COLUMN
神田神保町と「グルメ」
神田神保町。一般的には単に神保町と言った方が馴染み深いかもしれないが、この地名を聞いて真っ先に思い浮かぶのはなんといっても「本」だろう。
前回、「神田神保町と本」という題材で少し書かせていただいた。書店の衰退についてそれっぽく書いたつもりだったが、ギリギリ昭和生まれ&神保町勤務歴1年足らずの若輩者の身である私が語っても薄っぺらいだけだ。実際、改めて自分で読んでみても薄っぺらい。これはマズイ。うん、無理して背伸びするのはやめよう。

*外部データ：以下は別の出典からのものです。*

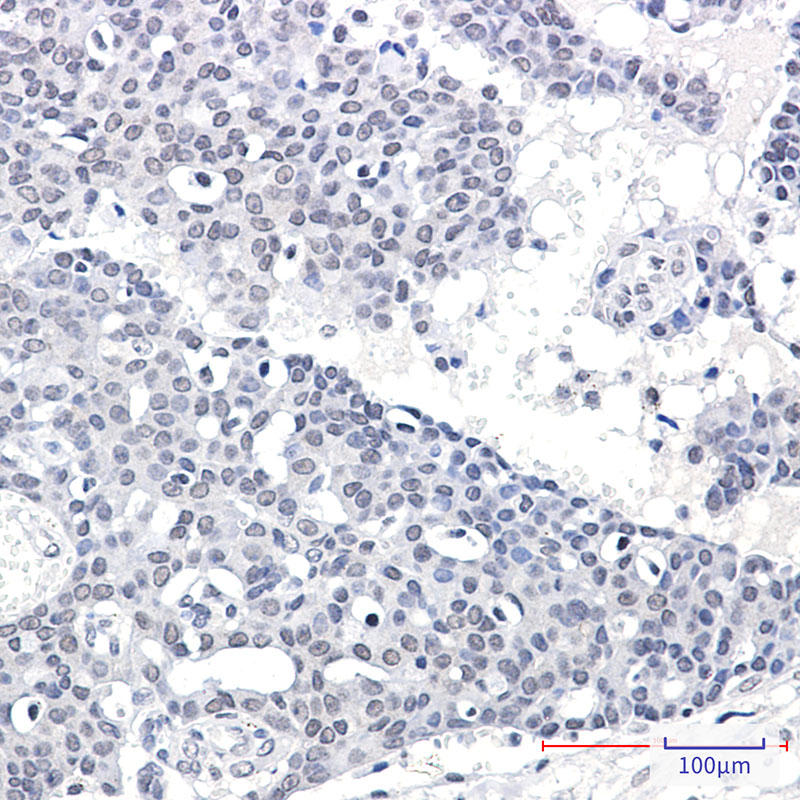 SPT5 Rabbit mAb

ということで、今回からは本当に自分が肌で感じたこと、関心があることを書いていこうと思う。となれば、やはり真っ先に思い浮かべるのは食、つまりグルメである。どこかで誰かが言っていた。食べることこそが人生最大の楽しみである、と。
前回も少し触れたように、神保町には今やたくさんの飲食店が軒を連ねている。平日には決して途絶えることのない大学生や専門学校生、会社員たちの空腹を満たし続けている。その種類は多種多様であり、大手チェーンから昭和の匂いを感じさせる(私はほとんど嗅いだことなどないが)定食屋まで、ありとあらゆる種類のグルメが取り揃えられている。下手をすると、一年間毎日違う店に通うことすら可能かもしれない。
せっかくこれだけ店があるのだし、私も色々行ってみようと思い至った。さながらニュース番組のグルメリポーターのごとく回ってみること約1ヵ月。安くて美味い料理だけでなく、面白い体験もしばしば味わうことができたのだった。

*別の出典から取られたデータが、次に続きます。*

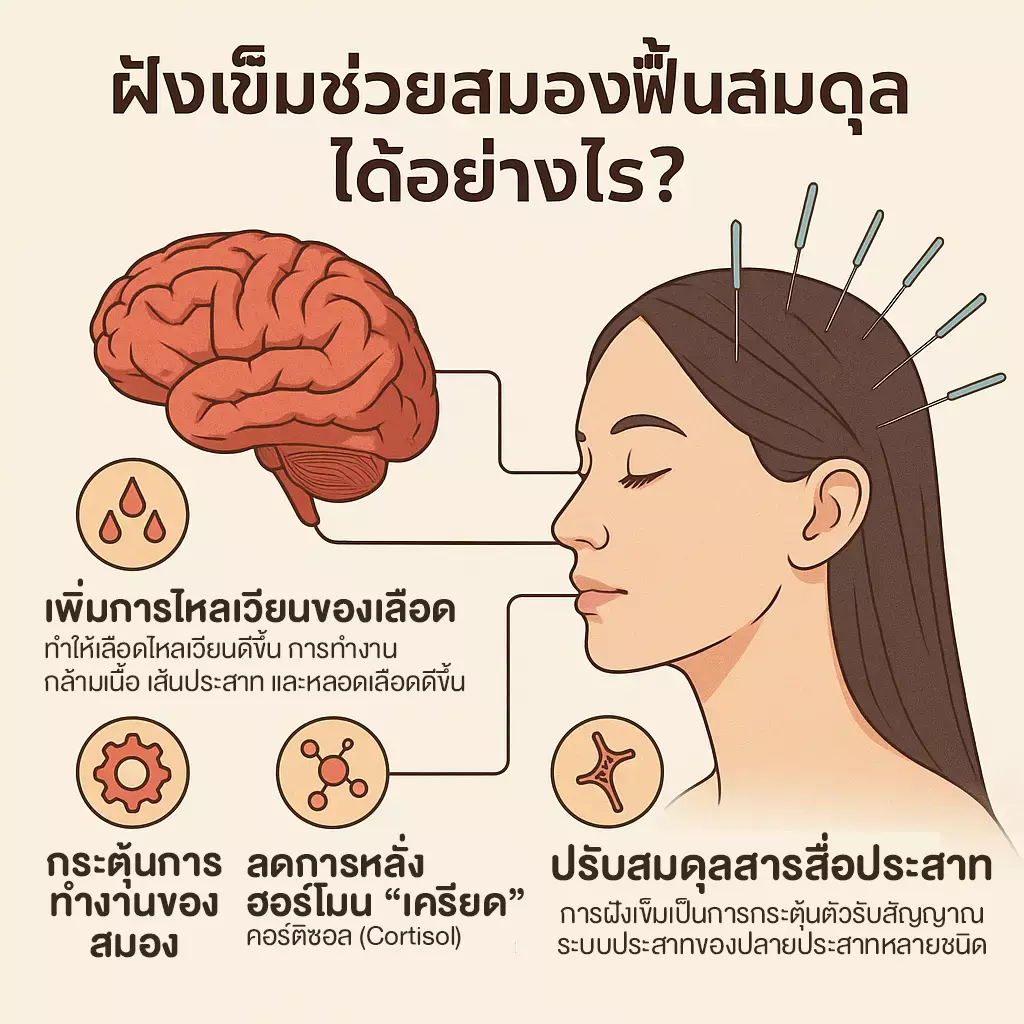 ฝังเข็ม ฝังเข็มออฟฟิศซินโดรม คลินิกแพทย์แผนจีน รีวิวฝังเข็ม คลินิกฝังเข็ม ครอบแก้ว ปรับสมดุล ฝังเข็มราคาถูก ฝังเข็มรักษาโรค ฝังเข็มแก้ปวด ฝังเข็มช่วยอะไร ฝังเข็มสมอง ฝังเข็มหน้าใส ฝังเข็ม หมอฝังเข็ม ฝังเข็มใกล้ฉัน คลินิกแพทย์แผนจีน คลินิกฝังเข็ม คลินิกฝังเข็มใกล้ฉัน ฝังเข็มแก้ปวดเข่า คลินิกฝังเข็มมาตรฐาน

中でも印象に残ったのは、長年続けてきたと思われる年配の方が経営している店だ。もちろん、すべての店がそうではないとは思うが、私の体感としては不愛想な店が多かった。ニコリともせず淡々と料理を作って客の前に出す様子はなかなかシュールな光景だ。といっても、別段不愉快に感じたわけではなく、「お、職人っぽいな」というのが一番の感想だった。時には店に入っても「いらっしゃいませ」の一言もなく、お手伝いさんのようなお婆さんがぼーっとこちらを見つめているだけなんてことや、突然店長と奥さんが夫婦喧嘩を始めるなんてこともあり、心を無にしながら黙々と箸を進めるなんてこともあった。それでも味は確かなのだから文句はない。むしろそういう人たちが作る料理だからこそ一味違ったものが出せるのかもしれない! ・・・なんていうのはちょっと言い過ぎだろうか。
とにかく、今回言いたいのは、神保町に来たならぜひそういう店に入ってみることをオススメしたいということだ。チェーン店ならばどこの町にでもある。ここでしか味わえない一風変わったグルメと体験をご賞味あれ。